Meteors (“falling stars”) are objects that pass through the atmosphere, leaving a trail of light. A falling star that hits earth becomes a meteorite, usually composed of iron, stone, or a mix of the two. More than thirty meteorites have been found in Nebraska since the early 1900s.
Meteorites can range in size and weight from dust-like particles to sixty tons. The heat they generate upon hitting the atmosphere usually causes them to explode. Scientists are still unsure of their origin. Some travel in space as fast as ten to fifty miles per second.

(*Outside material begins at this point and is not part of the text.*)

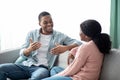 Positive black man and woman having conversation at home Royalty Free Stock Photo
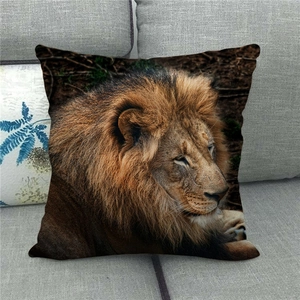 Detailed realistic lion head print on linen throw pillow case on a grey sofa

One spectacular meteor in Nebraska history fell February 18, 1948, and was seen over a six-state area. Some scientists believe it to have been one of the largest meteors ever observed falling. The Beaver City Times-Tribune, February 26, 1948, reported:
“A brilliant explosion high in the air was seen [February 18] in Kansas, Oklahoma, Texas, Colorado, Nebraska, and New Mexico. Civil aeronautics officials and astronomers, including Dr. Oliver C. Collins of the University of Nebr., expressed the opinion the explosion came from a meteor.” The August 26, 1948, issue of the Times-Tribune noted that over one thousand fragments had subsequently been recovered. One of the largest was found southwest of Beaver City near the Kansas-Nebraska border and was acquired by the University of Nebraska and the University of New Mexico.